ISI Sponsors Di Maio Lecture

On February 15, Professor Alessandra Di Maio will give a lecture at 4:30 p.m. in Herter 601. Her talk, "AfroItalia: Voices and Images Across the Mediterranean," is related to her most recently edited poetry collection, Migrazioni/Migrations, and addresses the migrations, connections, and--in connection with this year's ISI theme--trespassings that have marked the relationship between Italy and the African continent. The recent arrival in Italy of migrants from Africa, while sparking controversy and igniting a heated debate on immigration to the EU, has urged Italians to reconsider their historical connections with the African continent and assess new cultural relationships. Among the first communities who crossed the Mediterranean and found a new home in Italy are Nigerians. In Migrazioni/Migrations, renowned Italian and Nigerian poets, headed by Nobel laureate Wole Soyinka, join their voices in telling the choral story of how Africa and Italy have always been united by a common sea and a shared experience of migration.
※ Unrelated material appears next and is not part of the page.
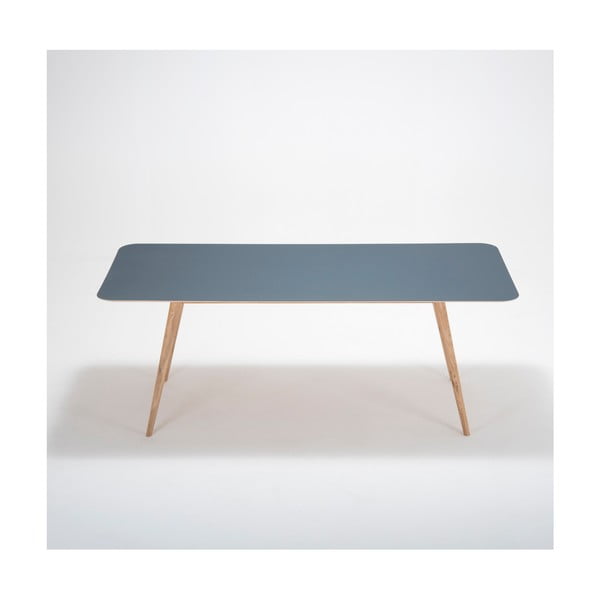 Jídelní stůl z masivního dubového dřeva s tmavě modrou deskou Gazzda Linn, 200 x 90 cm-image-1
ISI Cosponsors Stewart Motha Workshop

The ISI is excited to cosponsor a workshop, open to UMass graduate students and faculty, led by Stewart Motha on February 13. The interdisciplinary workshop with Professor Motha will explore how memory and belonging can be studied from the perspectives of post-colonial studies and critical legal studies. A pre-circulated text drawn from Professor Motha’s book Archiving Sovereignty (forthcoming with University of Michigan Press) will form the basis for discussion. Reworking the notion of the ‘archive’, Motha explores the memorial and ‘as if’ function of modern law as it is elaborated through juridical case studies, and literary and other artistic works drawn from Australia, South Africa, and the Indian Ocean region. The workshop will be of interest to doctoral students and faculty studying topics that touch on sovereign violence, history, interpretation and language. The seminar is capped at twenty; if you are interested in attending, please write to isi@umass.edu to reserve a spot.
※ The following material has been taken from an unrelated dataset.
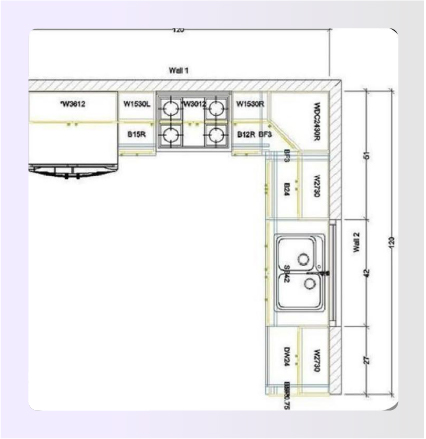L-shaped peninsula kitchen floor plan with added seating arrangement L-shaped peninsula kitchen floor plan with added seating arrangement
In addition to this workshop, Professor Motha will give a public lecture at Amherst College at 4:30pm on Tues, Feb. 14 titled “Redundant Refugees.”
 

2016-2017 ISI 'Trespassing' Residency: Daniel Kanstroom, March 20-24

The Interdisciplinary Studies Institute (ISI) was delighted to welcome Daniel Kanstroom as our distinguished Resident for 2016-17. He visited the UMass Amherst campus from March 21-24 as part of the ISI’s 2016-17 theme, ‘Trespassing.’ On March 22, Professor Kanstroom delivered a public lecture entitled ‘Global Deportation: The Rise of a Dangerous New Phenomenon’ (Old Chapel Great Hall, 4.30 pm), and during the week he also engaged with faculty, graduate students, and the local community, including the Pioneer Valley Worker's Center.